*Exercise aim*
Starting with the line that contains "5414 N 33rd St - Photo 4 of 16", repeat each line exactly through the final line of the listing. No picture should appear in the copy.

#### Task material

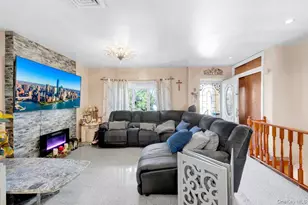 3252 Waterbury Ave, Bronx, NY 10465 - Photo 3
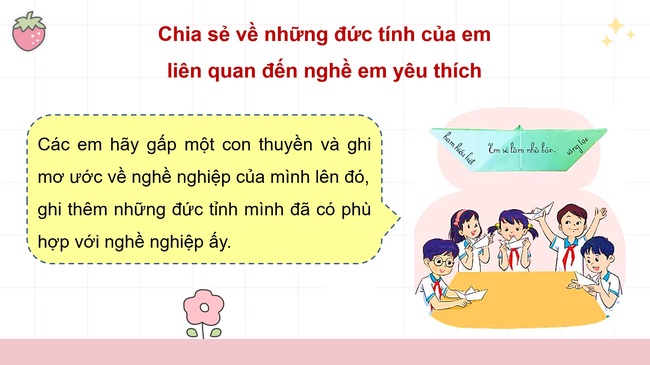 HDTN 3 Tuan 33 6*599589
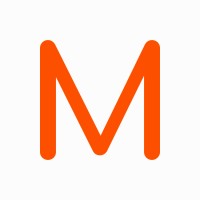 MarketingHoy.com logo - Similar company to Lumag Digital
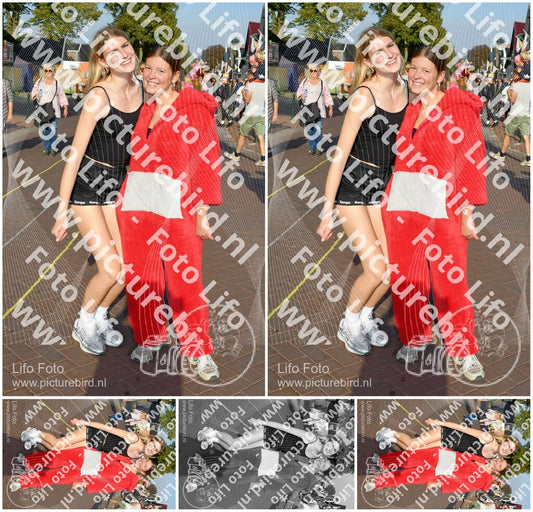 Evenement foto: 22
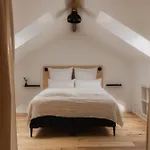 Lejlighed Hov - Boutique-apartments Im Allgaeu - Rueckzug & Design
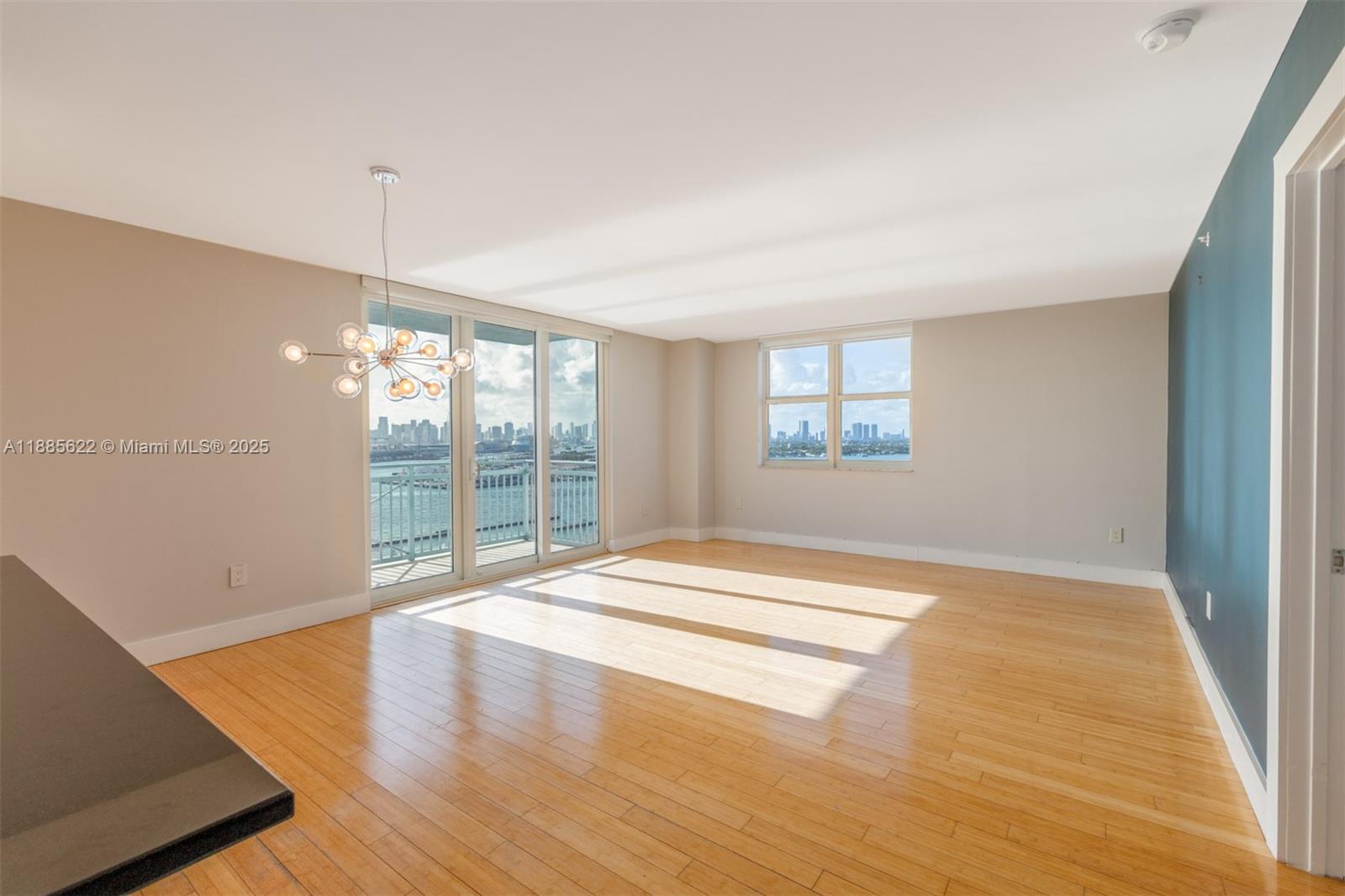 90 Alton Rd #1712, Miami Beach FL 33139
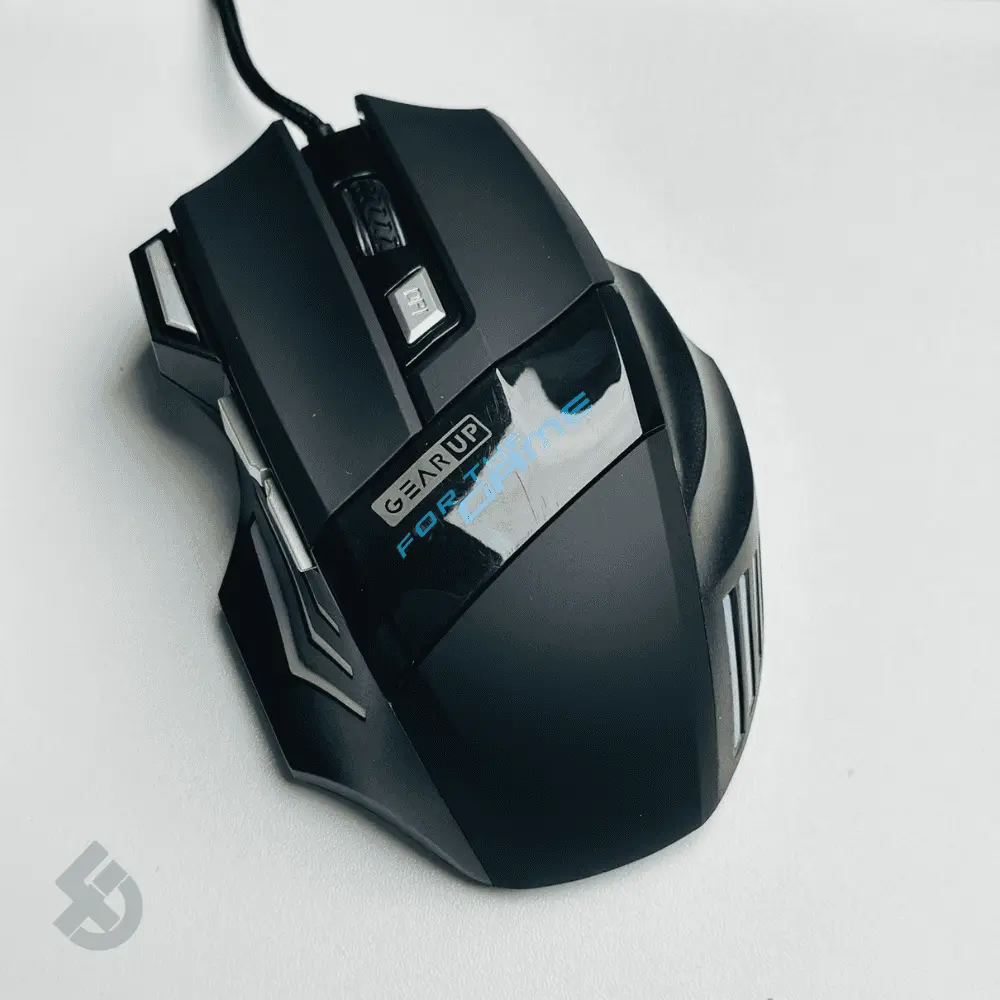 190 Mobile Gaming RGB Keyboard & Mouse (3).webp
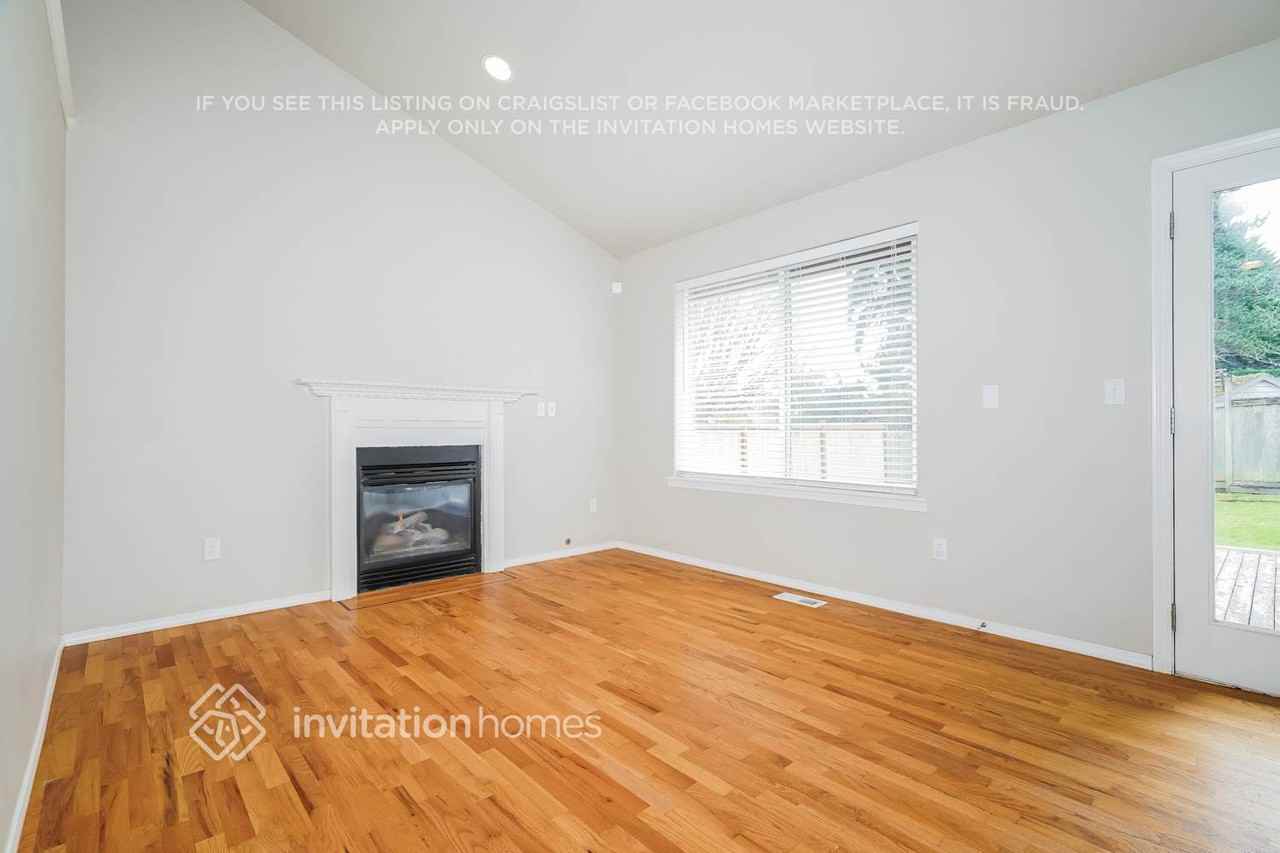 5414 N 33rd St - Photo 4 of 16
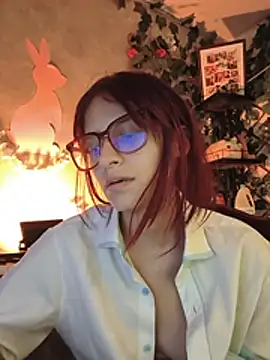 Sembang XXX Secara Langsung RedMeloddy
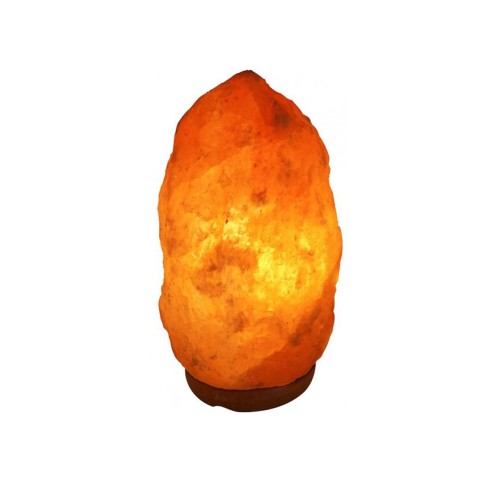 Lampada-di-sale-rosa-Himalayano-con-base-legno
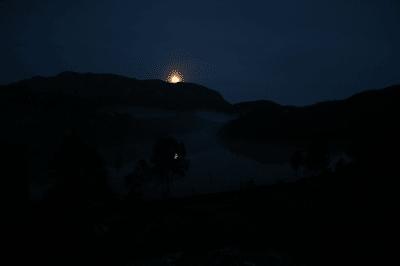 picture:./albums/2012_ April 8/../2019_MoonEclipse/IMG_6561.JPG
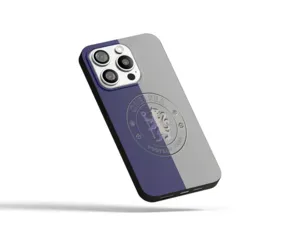 Chelsea Coque Silicone Smartphone Design Chic Haut de Gamme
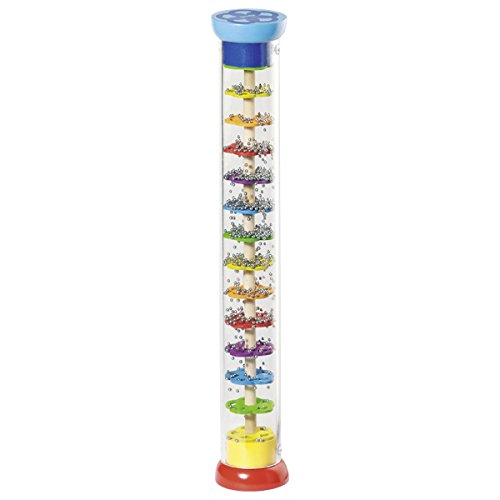 Rain Sound Stick TopToy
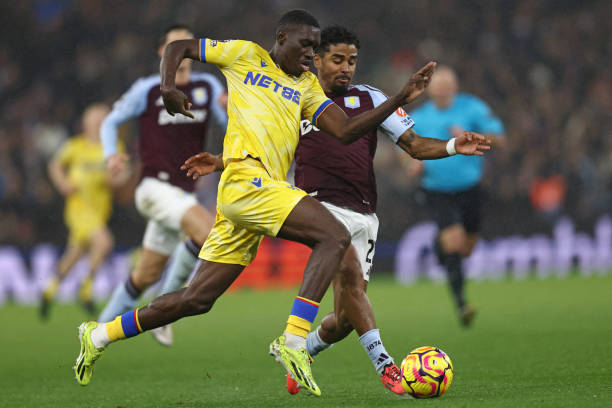 喜讯！21岁的瑞典联赛前锋首次身披上港战袍亮相，已出战热身赛.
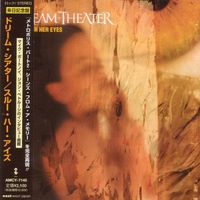 Dream Theater - Through Her Eyes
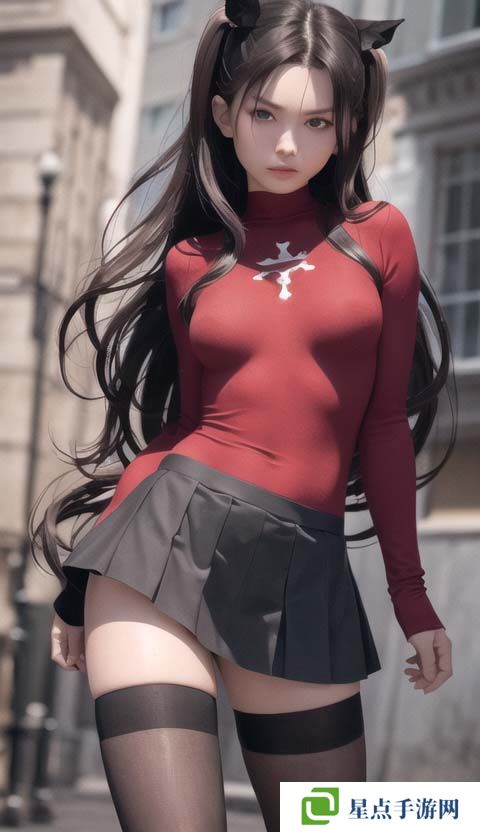 麻豆公司如何通過多元化戰(zhàn)略在多個行業(yè)取得成功？探索其創(chuàng)新驅(qū)動的未來發(fā)展方向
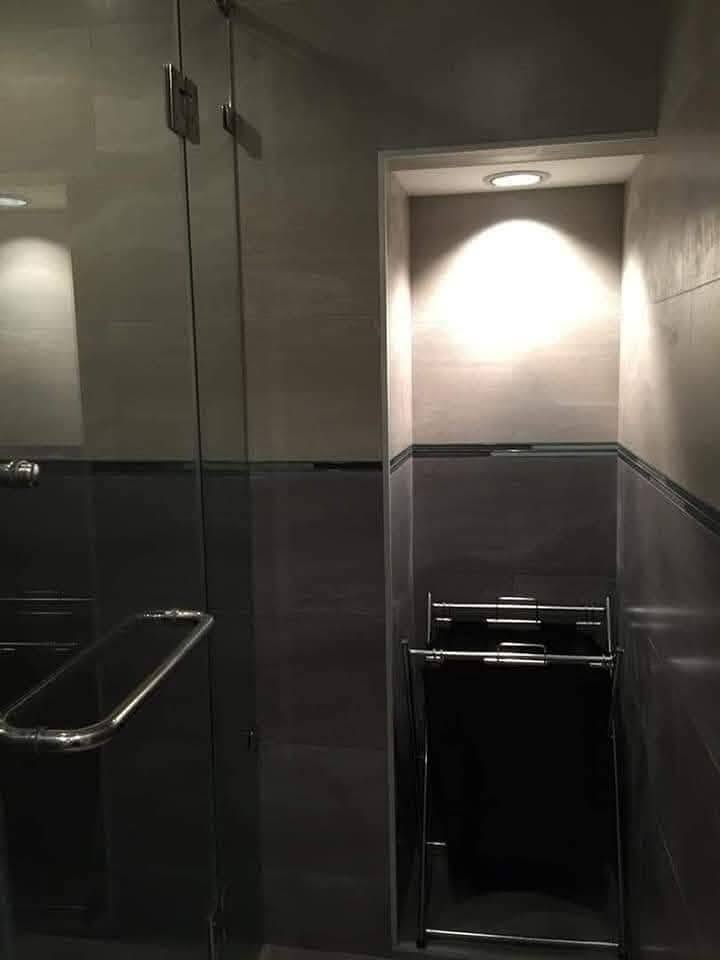 Great Value Studio Condo 55  SQM. @ View Talay 5D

########

*Response for this exercise*
 5414 N 33rd St - Photo 4 of 16
 Sembang XXX Secara Langsung RedMeloddy
 Lampada-di-sale-rosa-Himalayano-con-base-legno
 picture:./albums/2012_ April 8/../2019_MoonEclipse/IMG_6561.JPG
 Chelsea Coque Silicone Smartphone Design Chic Haut de Gamme
 Rain Sound Stick TopToy
 喜讯！21岁的瑞典联赛前锋首次身披上港战袍亮相，已出战热身赛.
 Dream Theater - Through Her Eyes
 麻豆公司如何通過多元化戰(zhàn)略在多個行業(yè)取得成功？探索其創(chuàng)新驅(qū)動的未來發(fā)展方向
 Great Value Studio Condo 55  SQM. @ View Talay 5D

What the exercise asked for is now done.